Comment 11 Rafael J. Wysocki 2009-07-28 20:43:33 UTC
On Tuesday 28 July 2009, Christian Casteyde wrote:
> Still present in rc4, but a patch is pending for inclusion.
>
> Le dimanche 26 juillet 2009, vous avez écrit :
> > This message has been generated automatically as a part of a report
> > of recent regressions.
> > 
> > The following bug entry is on the current list of known regressions
> > from 2.6.30.  Please verify if it still should be listed and let me know
> > (either way).
> > 
> > 
> > Bug-Entry   : http://bugzilla.kernel.org/show_bug.cgi?id=13781
> > Subject             : System freeze at resume after suspend to RAM
> > Submitter   : Christian Casteyde <casteyde.christian@free.fr>
> > Date                : 2009-07-15 18:42 (12 days old)

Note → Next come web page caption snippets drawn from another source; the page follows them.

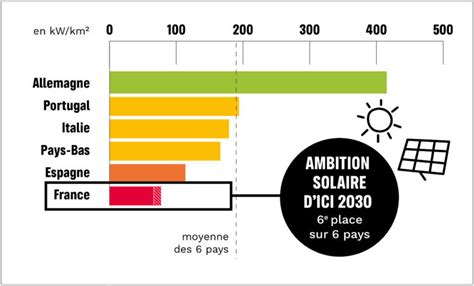 Énergies renouvelables la France manque dambition par rapport à ses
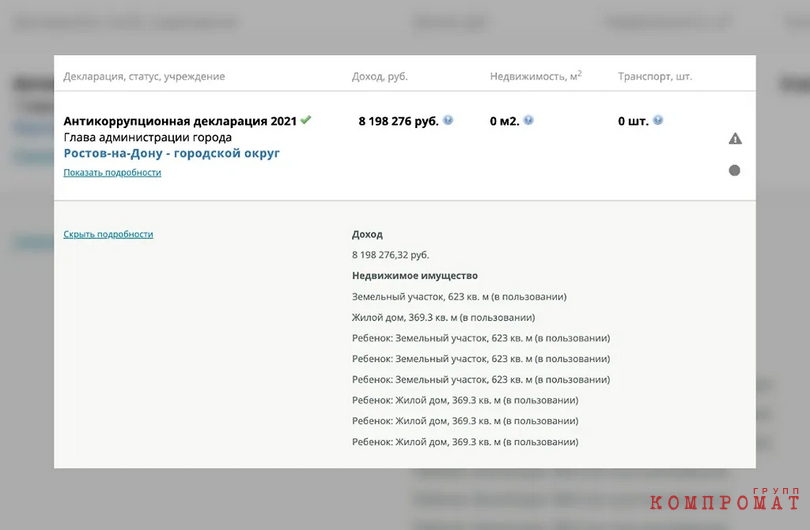 Judging by the latest available income statement, Alexey Logvinenko lives almost ascetically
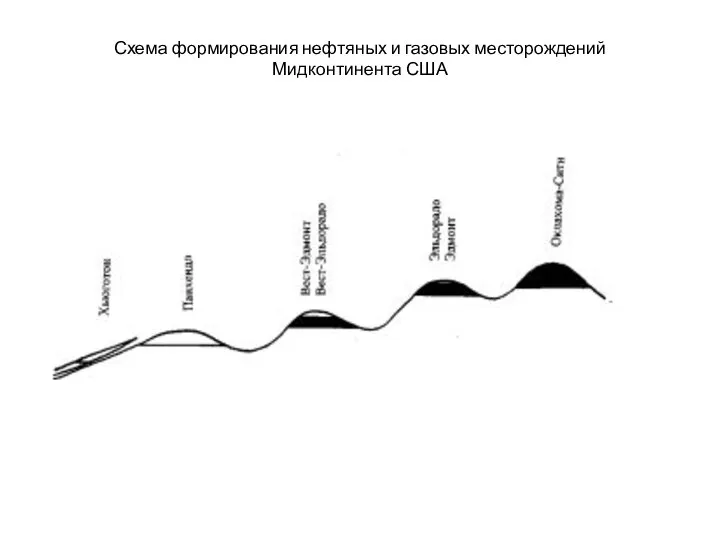 Схема формирования нефтяных и газовых месторождений Мидконтинента США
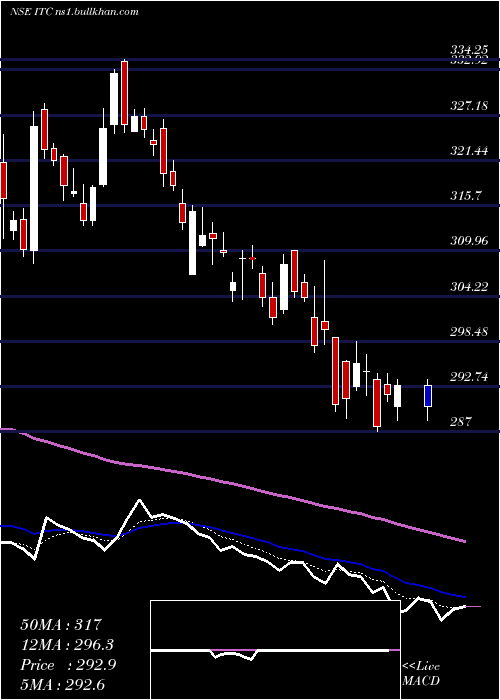  Daily chart Itc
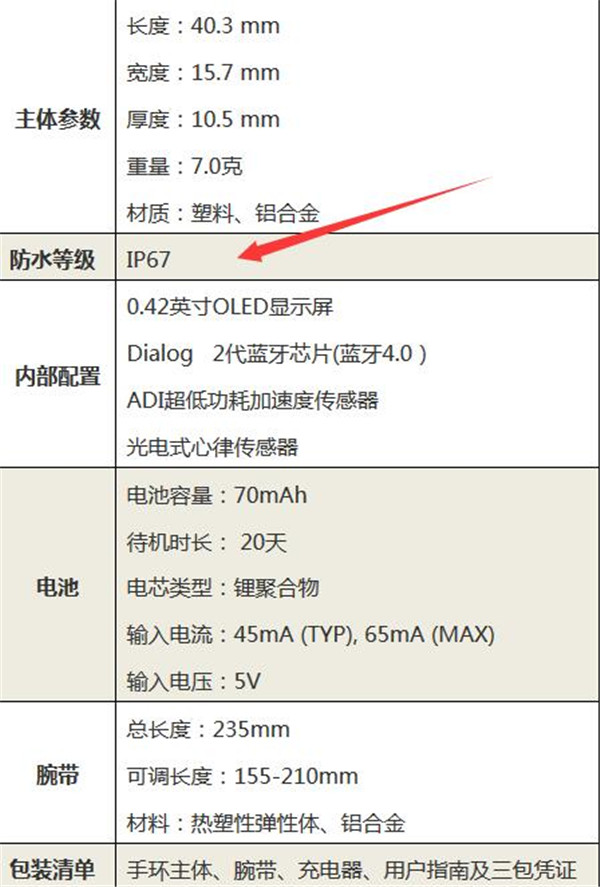 小米手环2支不支持游泳和洗澡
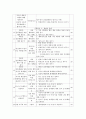갈등을 해결하는 방법 가르치기 - 과제 7페이지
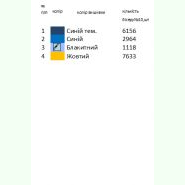 Бохо-117. Заготовка до жіночої вишиванки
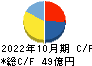 日本ハウスホールディングス キャッシュフロー計算書 2022年10月期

Comment 12 Rafael J. Wysocki 2009-07-28 22:27:21 UTC
Handled-By : Zhao Yakui <yakui.zhao@intel.com>
Patch : http://bugzilla.kernel.org/attachment.cgi?id=22463
Comment 13 Rafael J. Wysocki 2009-08-05 11:48:55 UTC
Should be fixed by http://git.kernel.org/?p=linux/kernel/git/torvalds/linux-2.6.git;a=commit;h=4bc5d34135039566b8d6efa2de7515b2be505da8 .

Please reopen in case it's not fixed.